The opinion of the court was delivered by: Legge, District Judge.

                       OPINION AND ORDER ON PETITION
                         FOR WRIT OF HABEAS CORPUS
                             DEATH PENALTY CASE


Petitioner James Richard Odle is a prisoner of the State of California, under sentence of death. He originally petitioned this court for a writ of habeas corpus in 1988. The matter is now before the court on his amended petition filed on February 16, 1993.

The procedural history of this case is summarized in this court's order granting partial summary judgment. Odle v. Calderon, 884 F. Supp. 1404, 1410-11 (N.D.Cal. 1995). The amended petition raises fifty-six claims. In three prior orders, this court denied most of the claims. See Odle v. Vasquez, 754 F. Supp. 749 (N.D.Cal. 1990); Odle v. Calderon, 884 F. Supp. 1404 (N.D.Cal. 1995); Odle v. Calderon, 919 F. Supp. 1367 (N.D.Cal. 1996).

Three claims remain. The court granted an evidentiary hearing on two of those claims, which hearing has been held and submitted for decision. The third claim is one of cumulative error. Those three claims are the subject of this order.


The two claims that were the subject of the evidentiary hearing and are now submitted before this court are Claims H and I. They allege the following.
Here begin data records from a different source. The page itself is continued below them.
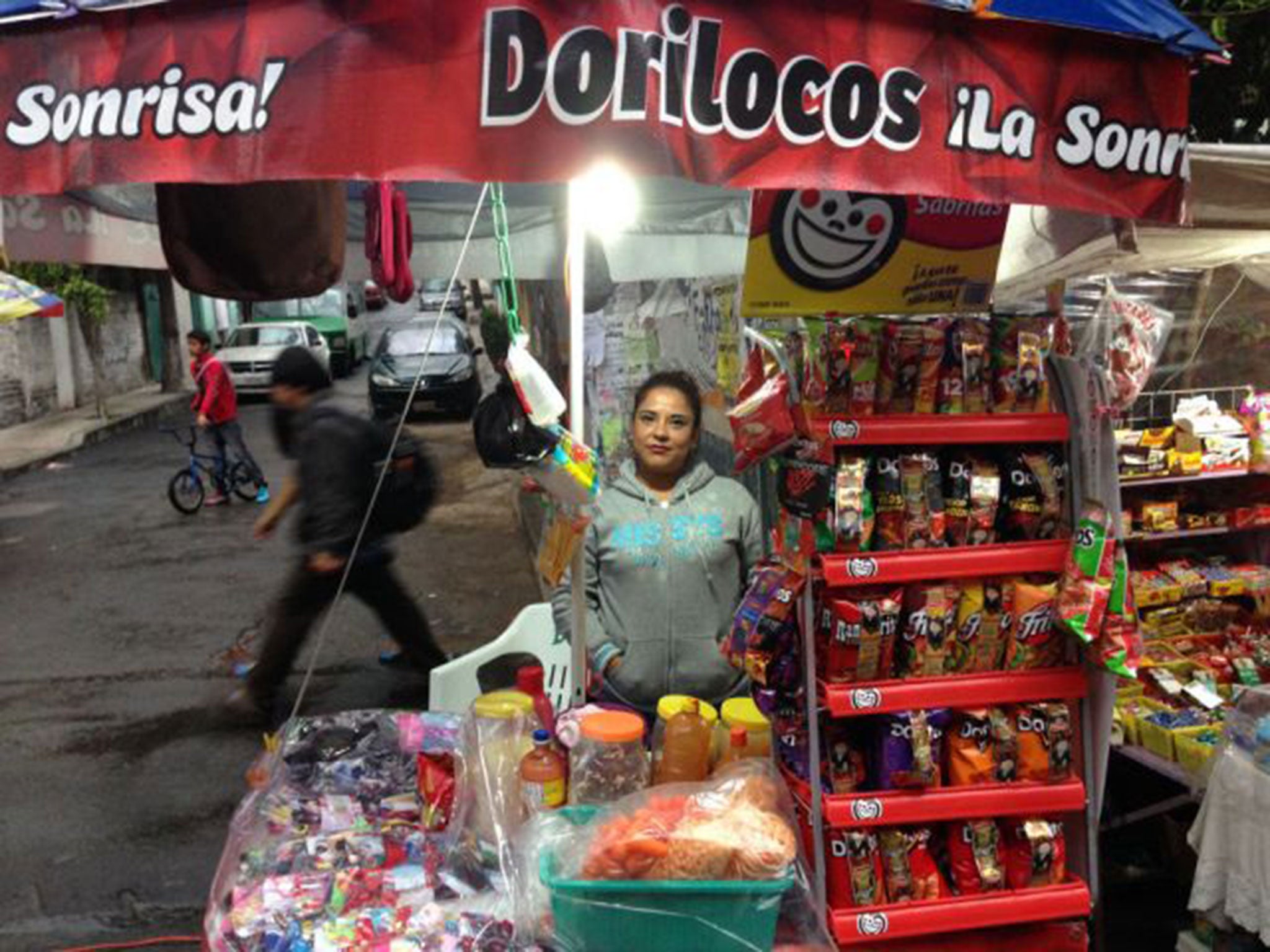 A street vendor in Mexico City sells Dorilocos, which are topped with carrot, jimaca, cucumber, peanuts, pork rinds, spices and hot sauce (The Washington Post)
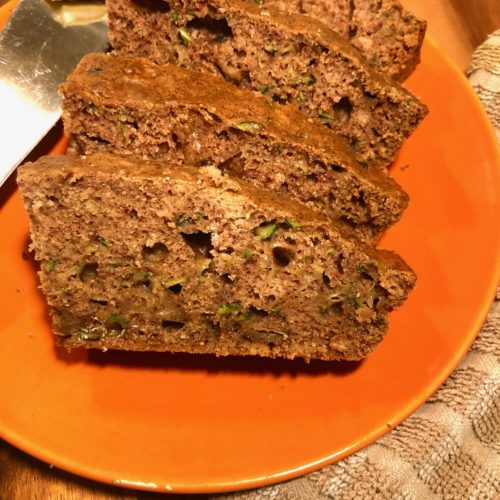 zucchini bread slices plated on orange plate with a pat of butter. the plate is on a wooden cutting board next to a tan and white checkered towel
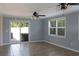 This living room has sliding glass doors that lead to the backyard, and is lit with a ceiling fan with lights at 530 Swallow Ave. # 530, Myrtle Beach, SC 29577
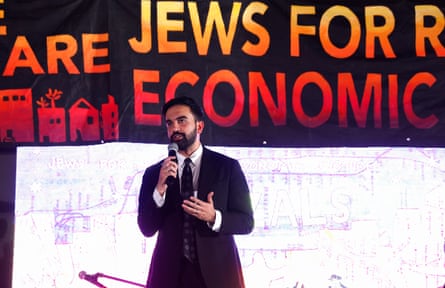 a man in a suit speaks into a microphone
Claim H: Failure of the state to disclose that its mental health witness in petitioner's criminal trial, Dr. Paul Berg, was the target of a fraud investigation at the time he testified in the trial. Claim I: False testimony of Dr. Berg, which was material to the guilt and penalty determinations, was knowingly presented by the state. Each of those claims is alleged to have violated petitioner's constitutional rights during his trial.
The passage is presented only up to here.